Pictures aside, the data must be reproduced exactly.
** Opening AVAILABLE RECORDS block **
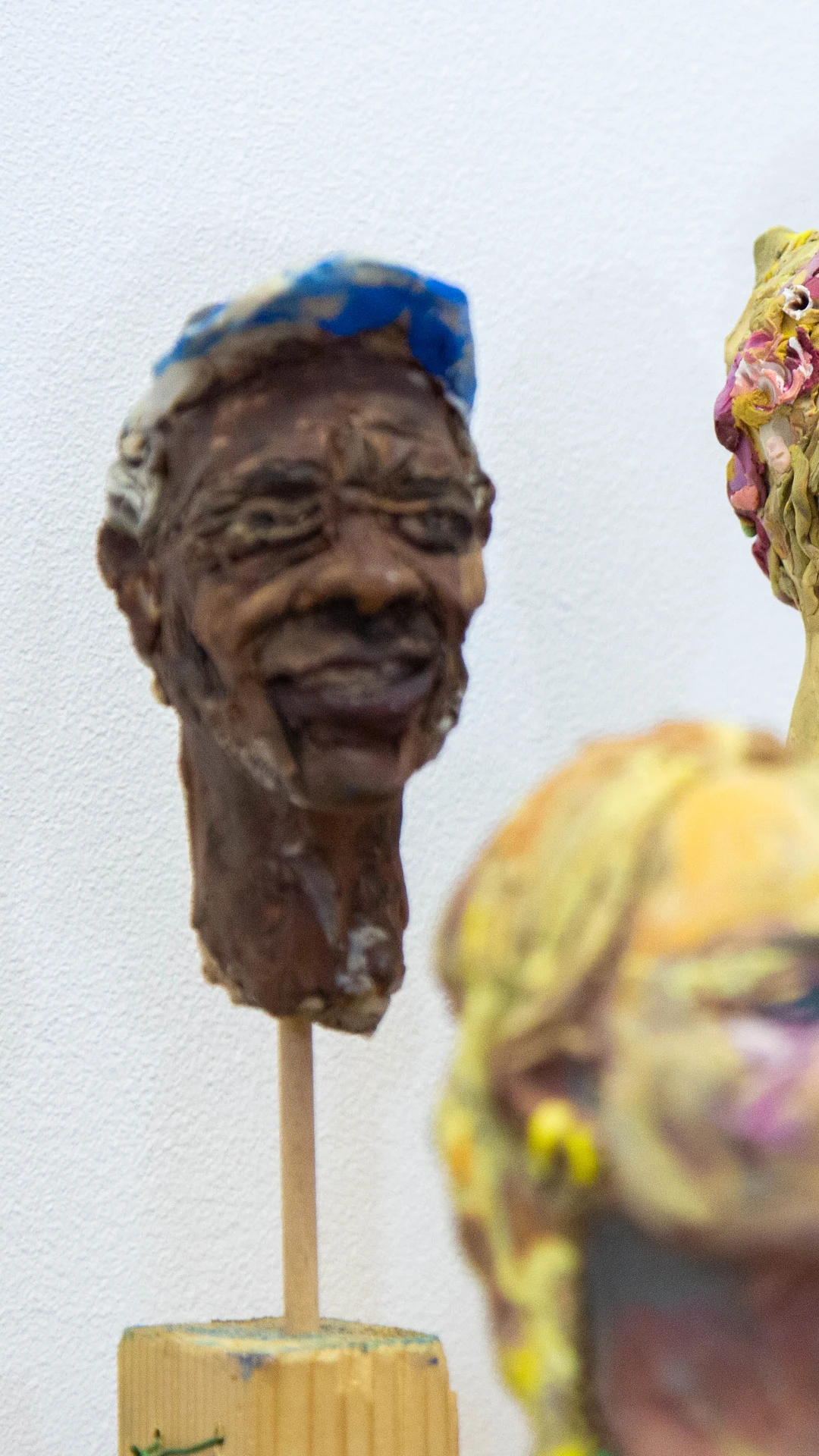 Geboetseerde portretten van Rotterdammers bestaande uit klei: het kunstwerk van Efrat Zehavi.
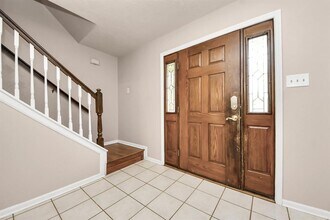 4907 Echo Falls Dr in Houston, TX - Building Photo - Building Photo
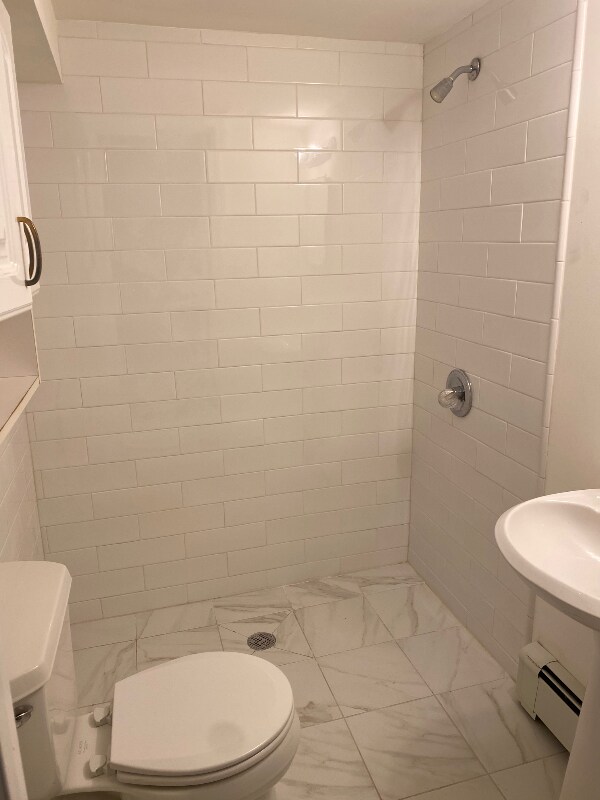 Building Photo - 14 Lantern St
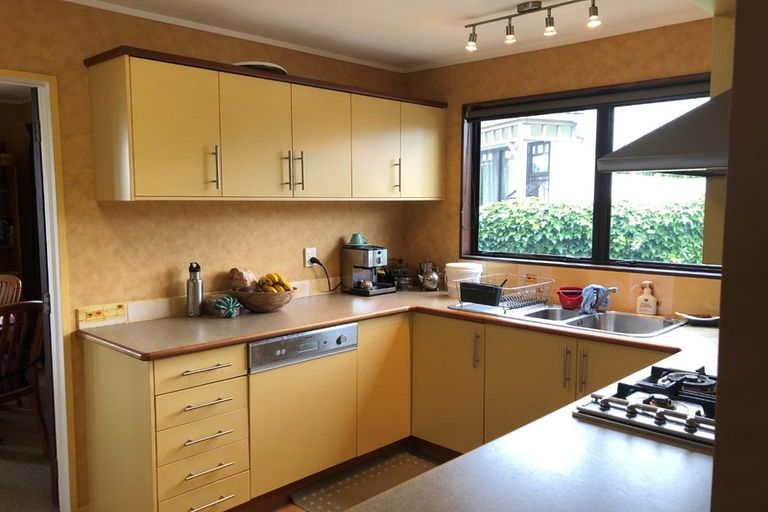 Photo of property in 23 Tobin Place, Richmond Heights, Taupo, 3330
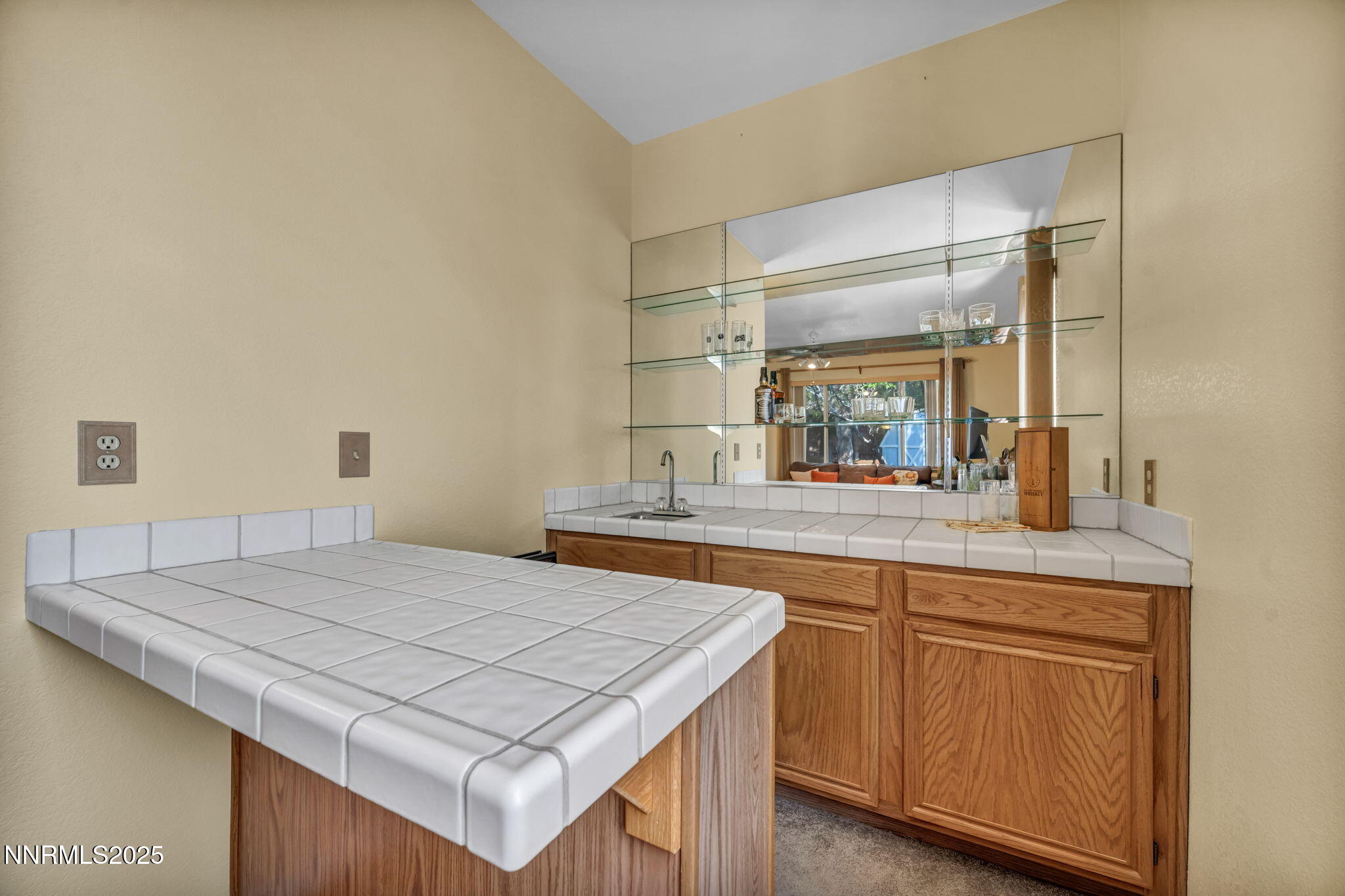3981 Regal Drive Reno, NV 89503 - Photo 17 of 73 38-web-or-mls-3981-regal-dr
** Closing AVAILABLE RECORDS block **
TASK OUTPUT:
 Geboetseerde portretten van Rotterdammers bestaande uit klei: het kunstwerk van Efrat Zehavi.
 4907 Echo Falls Dr in Houston, TX - Building Photo - Building Photo
 Building Photo - 14 Lantern St
 Photo of property in 23 Tobin Place, Richmond Heights, Taupo, 3330
3981 Regal Drive Reno, NV 89503 - Photo 17 of 73 38-web-or-mls-3981-regal-dr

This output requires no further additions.